In our previous post, we featured part one of a Q&A with Patrick D. Smith, the Manager of Technology Development, Polar Research Support at the NSF, who discussed a recent RFI for COMSATCOM services for the Antarctic McMurdo Station, the importance of McMurdo and why the station’s location makes it essential in weather forecasting and other important missions.
In part two of our conversation, Mr. Smith discusses the challenges that this advantageous location in the Antarctic creates for the delivery of COMSATCOM, why the agency is still interested in COMSATCOM despite these challenges and the schedule for getting increased bandwidth and a new satellite earth station operational in McMurdo.
Here is what Mr. Smith had to say:
GovSat Report: What challenges does the Antarctic location create for SATCOM from McMurdo?
Mr. Smith: The advantage of McMurdo from its extreme high southern latitude causes a significant disadvantage in terms of viewing geosynchronous (GEO) communications satellites.
A GEO satellite in an orbital slot directly due north of McMurdo appears only 3.5° above the McMurdo horizon. Any local terrain, such as hills or mountains, can easily block the view of the sky. McMurdo happens to be located on the southern tip of a small peninsula of Ross Island, which has as its dominant feature a 13,000 ft. active volcanic mountain – Mt. Erebus – in its center.
McMurdo’s northern sky is blocked by this feature and by smaller extinct volcanic cinder cone hills immediately surrounding McMurdo. This limits the portion of the sky that is occupied by GEO satellites – the “GEO arc.” The original McMurdo earth station was located at Black Island, some 20 miles south of McMurdo, to allow for line of sight clearance of Mt. Erebus to the only viable GEO communications satellites at the time (circa 1985).
An additional challenge comes from the fact that the GEO arc in view by McMurdo is that of the Pacific Ocean Region. Due to the large expanse of open ocean without land masses, the preponderance of commercial GEO satellite service that is available is typically directed for East-West service between North America and the Asia-Pacific, with some degree of regional/spot coverage for the scattered Pacific Islands.
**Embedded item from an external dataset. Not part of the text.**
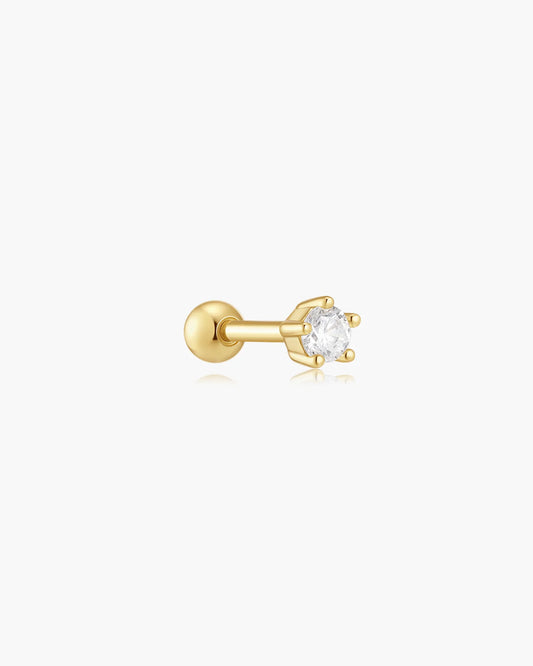 Ania Haie Gold Plated CZ Five-Prong Sparkle Single Barbell Earring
Service to Australia and New Zealand typically is regional in nature and without satellite beam footprints extending to McMurdo’s latitude. Largely, McMurdo can only depend on the international satellite operators who provide global beams (C-Band), which are few and highly subscribed. Thus, McMurdo has a tenuous foothold on GEO satellite communications.
GovSat Report: In light of these challenges, why is the NSF still looking at COMSATCOM services for connecting McMurdo?
Mr. Smith: The evolution in the NSF and tenant agency demand for increased satellite communications capability is coincident with changes in the Pacific Region service plans of the regional and international operators. More opportunities are opening for occupied orbital slots within the limited clear view available to McMurdo. This allows the NSF to avoid the recourse of continued use of the Black Island Telecommunications Facility.
Also, satellite operators are formulating plans for future deployments in the region and are considering the introduction of new technologies – such as high throughput satellites – that could have substantial cost and performance benefits for NSF and its partners.
GovSat Report: Industry response to the RFI ended on May 6, 2015. What is the timeline for the NSF to get this new system and equipment installed and operational?
Mr. Smith: The exact schedule is still under formulation. The range in “need dates” is roughly Q1 of 2021 to Q1 of 2023. However, capacity could be utilized with an earlier start date.
One pacing item in the schedule currently envisioned is that of the construction and commissioning sequence needed for a newly-constructed satellite earth station immediately adjacent to McMurdo Station. McMurdo is serviced by an annual cargo ship for resupply and the transport of “big/heavy things,” such as the antenna, shelter, foundation, radome, and other equipment that will be needed for a new satellite communications earth station.
Timing has to coincide with the cargo receipt window for loading the cargo vessel in California for its annual arrival. Missing a deadline by a month would mean a year slip in schedule.
A typical Antarctic project of this nature would nominally allow for a three year duration –year one for planning and design, year two for acquisition and logistics transport, and year three for construction and commissioning. The NSF intends to continue work on schedule refinement based on the responses received to the RFI.